Don't leave your husband for this other man. IF you leave your husband, it needs to be for the right reasons. It needs to be because you've determined that your marriage won't work based on problems within it, independent of the idea that some other guy can give you what your husband isn't at this time. When you're unhappy, you'll always see other people that you think will make you happier, but that's only because you want to take the easy way to solve whatever's bothering you right now. 

I don't think that staying in any contact at all with this other guy is a good idea. But...at the very least, you do need to tell him that you want to try to make it work with your husband and to limit conversation to purely friend type topics. Then talk to your husband, tell him you are not happy with things as they are right now, and things need to change. Counseling may be a way to go, to help you two communicate more effectively.
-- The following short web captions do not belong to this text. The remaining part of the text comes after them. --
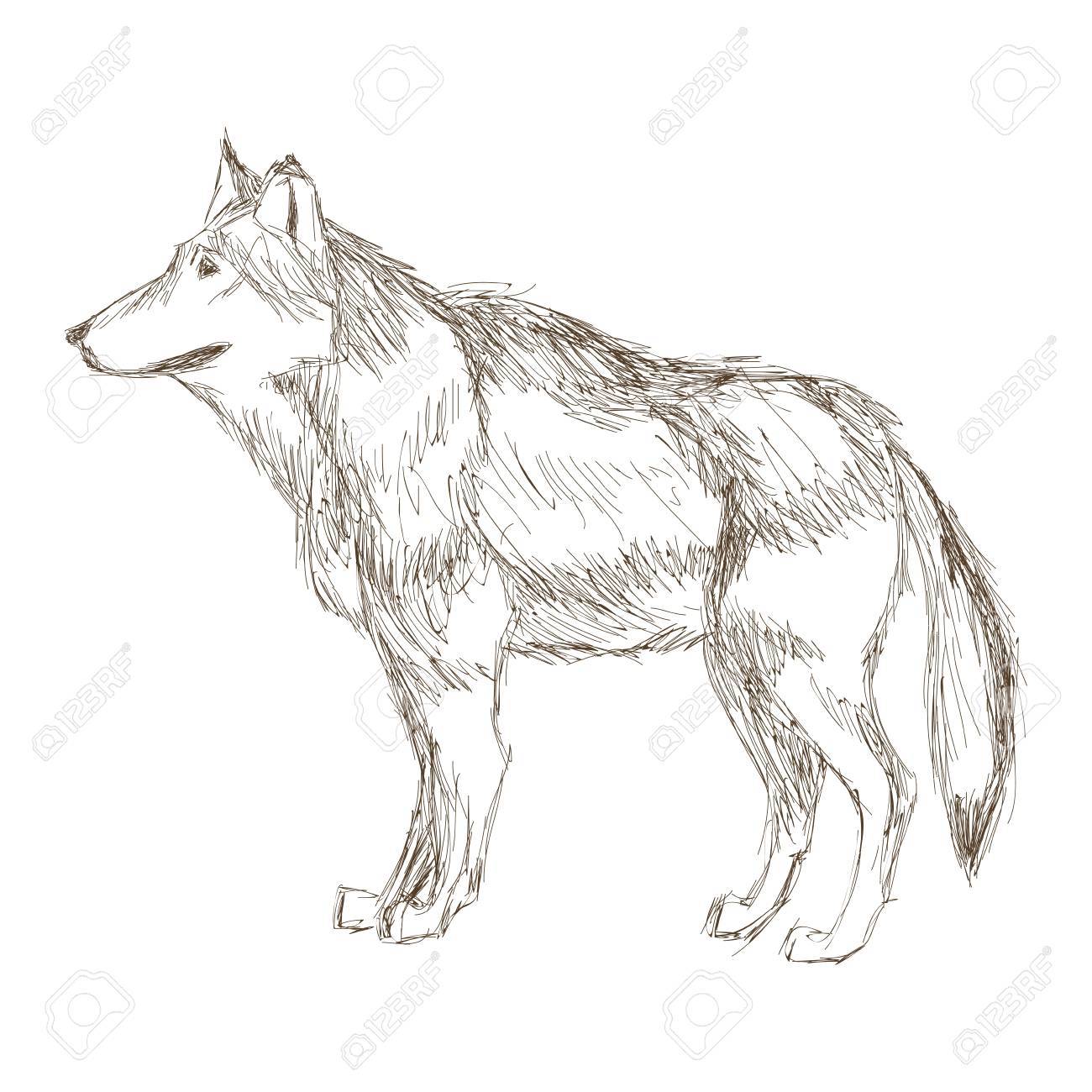 シンプルなフラット デザイン狼横顔スケッチ アイコン ベクトル イラスト動物 のイラスト素材 ベクタ Image シンプルなフラット デザイン狼横顔スケッチ アイコン ベクトル イラスト動物 のイラスト素材 ベクタ Image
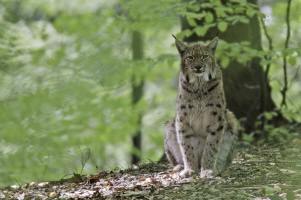 Luchs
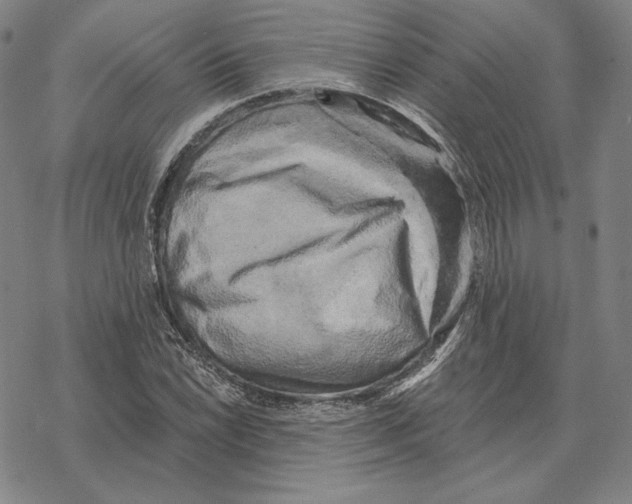 X0000069381022200606091646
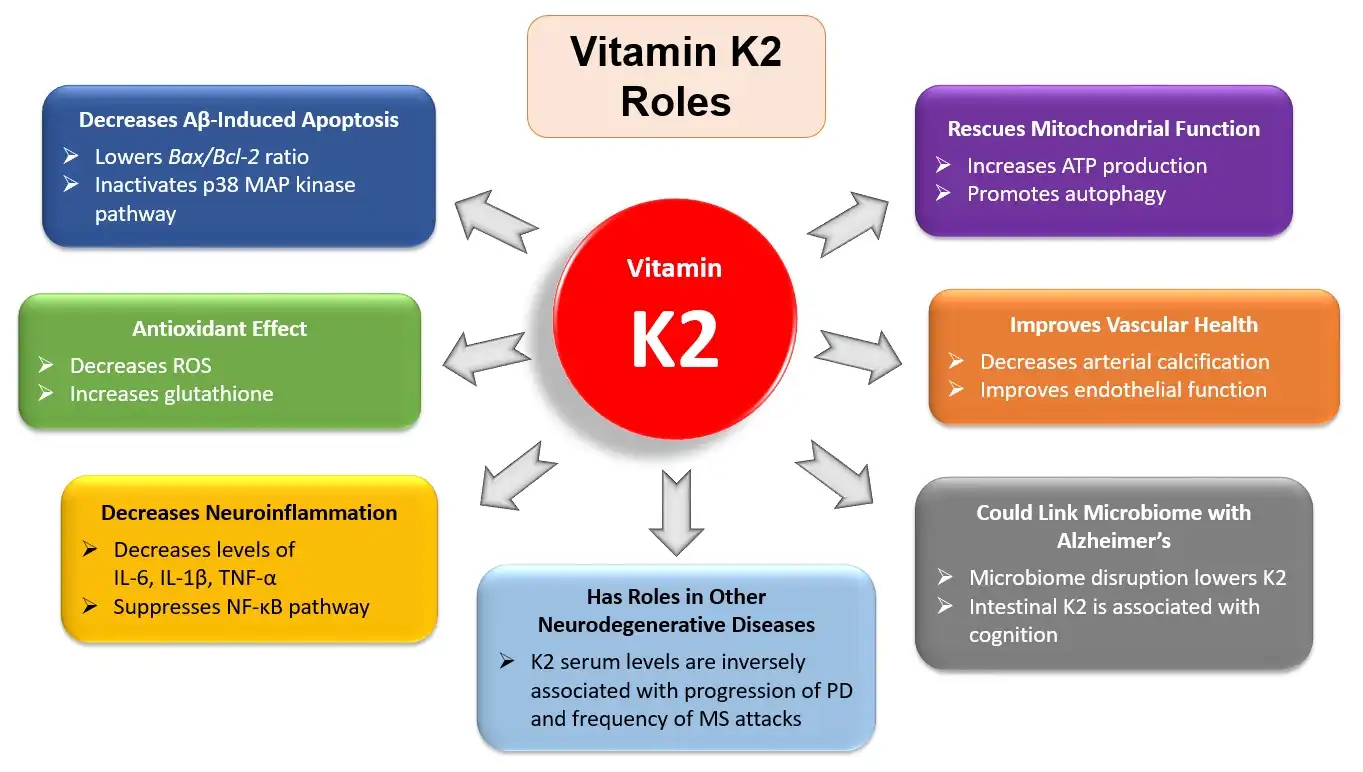 Bulk Vitamin K2 Powder Supplier for Global Markets Bulk Vitamin K2 Powder Supplier for Global Markets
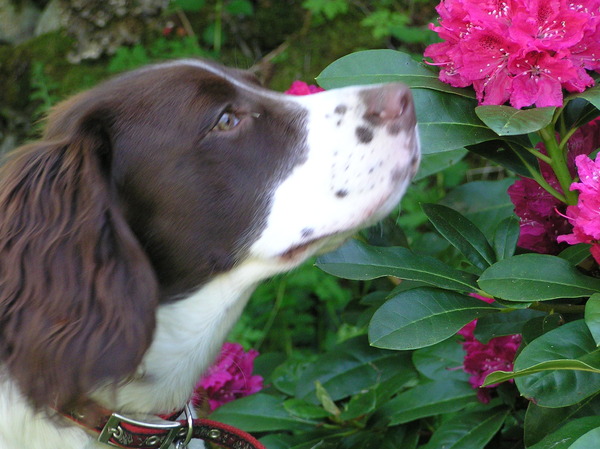 Engelse Springer Spaniel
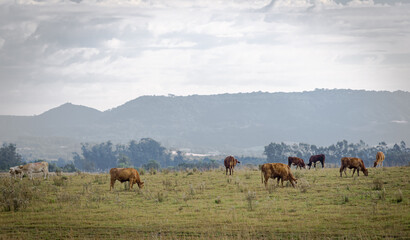 Oxen and cows grazing in a farm area in southern Brazil.
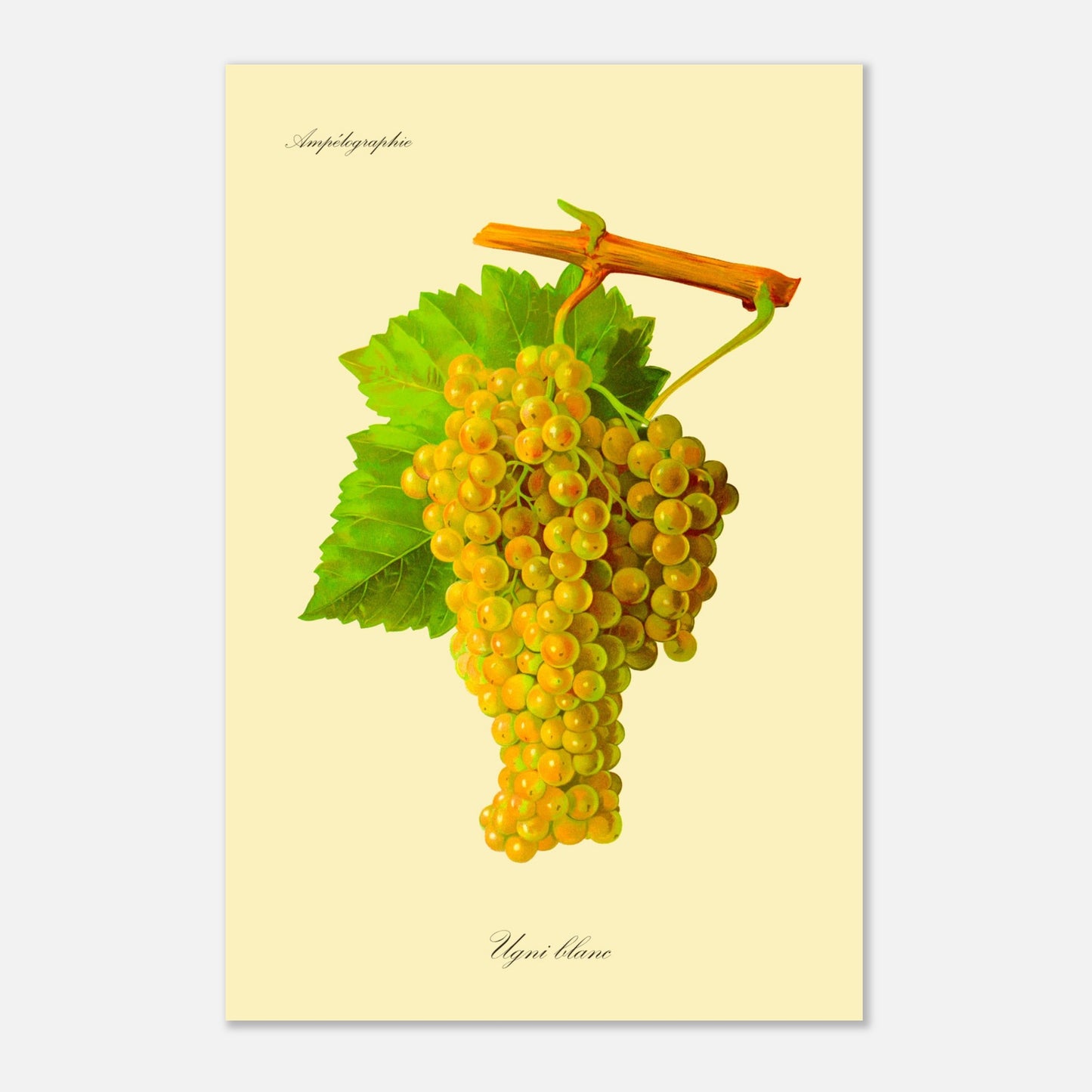 Ugni blanc : Planche ampélographique ancienne (40x60 cm). Reproduction botanique d'une grappe de raisins blancs-jaunâtres appelée 'Ugni blanc', avec des feuilles vertes.
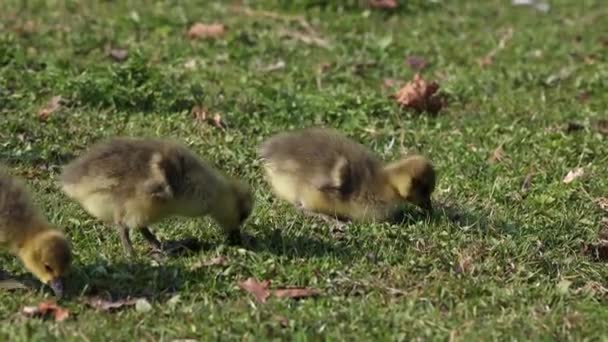 Gros Plan Une Belle Bernache Roussâtre Jaune Printemps Anser Anser — Video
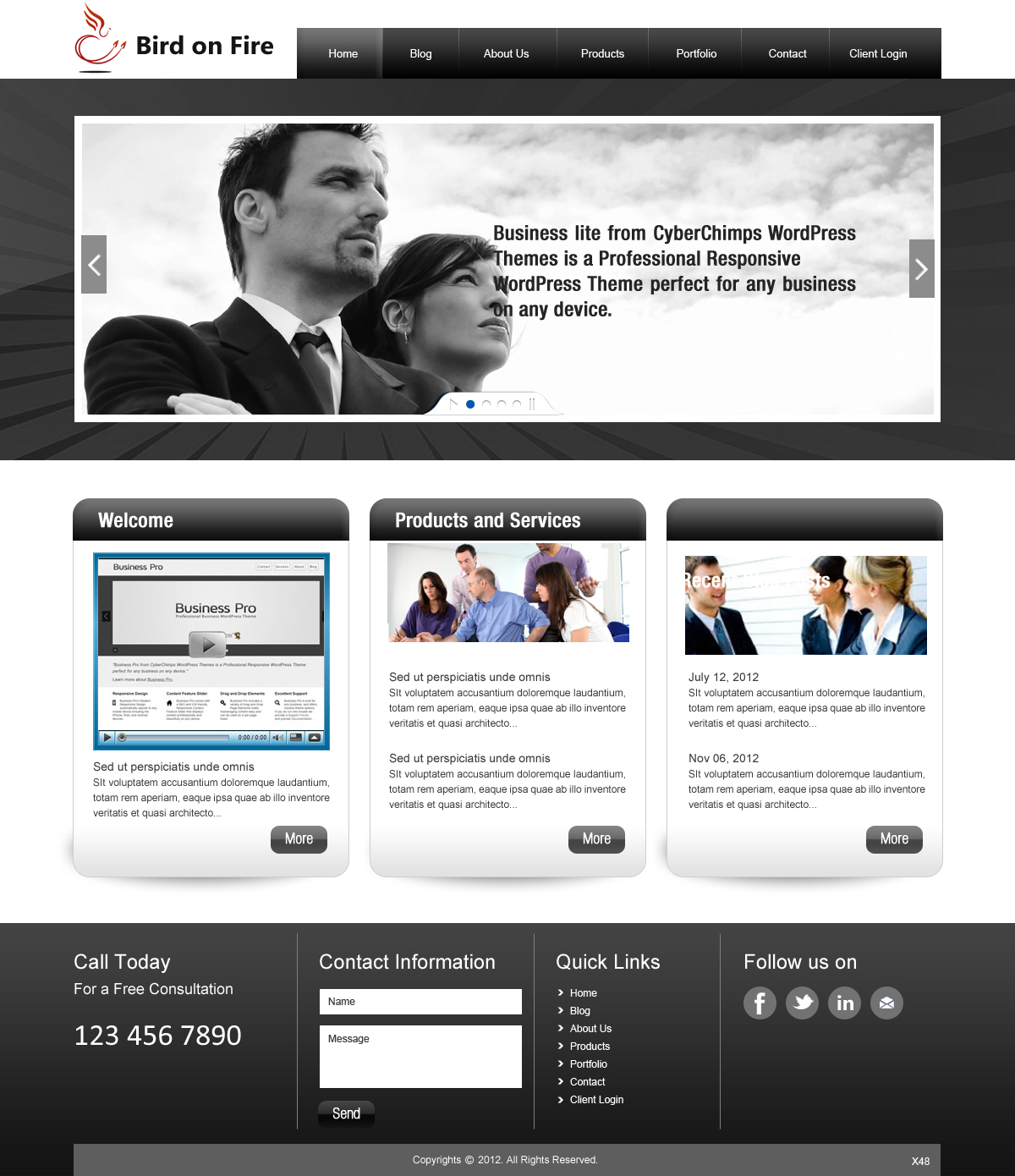 Diseño Wordpress por pb para Bird on Fire Pty Ltd | Diseño #1284684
As for children...you're only 20. Don't rush children. I had my oldest when I was 22. I don't regret my sons, at all, but they do change everything. Yes, they will give you something to occupy your time, but that's not a good reason to have kids. Waiting the 6 yrs he insists on would make you 26...not that old for having a child...actually a rather good age, I'd say. And especially since you aren't even sure if your marriage will last...don't bring a child into it. Not only will it not make things better, but it will make divorce more complicated if it comes to that, and it means that an innocent child will suffer if you two divorce. It's not fair to any of you, but especially the child. 

Think things over very carefully. Don't let this other man influence you and your decisions. Everything he says sounds really good, but you have no way of knowing if he really means it or is just having fun getting you going. I think you'd really regret it if you ended your marriage for this other guy and then found out he was only playing with you.


----------



## cb45 (Oct 2, 2009)

Copy and paste Blanca's post to u. it basically says it all and from one who's been where u r now at.

I know its hard to obey others when all u feel is your NEEDS/WANTS being ignored, but u must do as she tells ya
if u want any self respect left after that other guy dumps u or u dump him.

Thanks Blanca for sharing so honestly w/ Mal74 and all of us here. (dang girl, u r on a hot streak as i just left another thread where u posted "on d'money.")


----------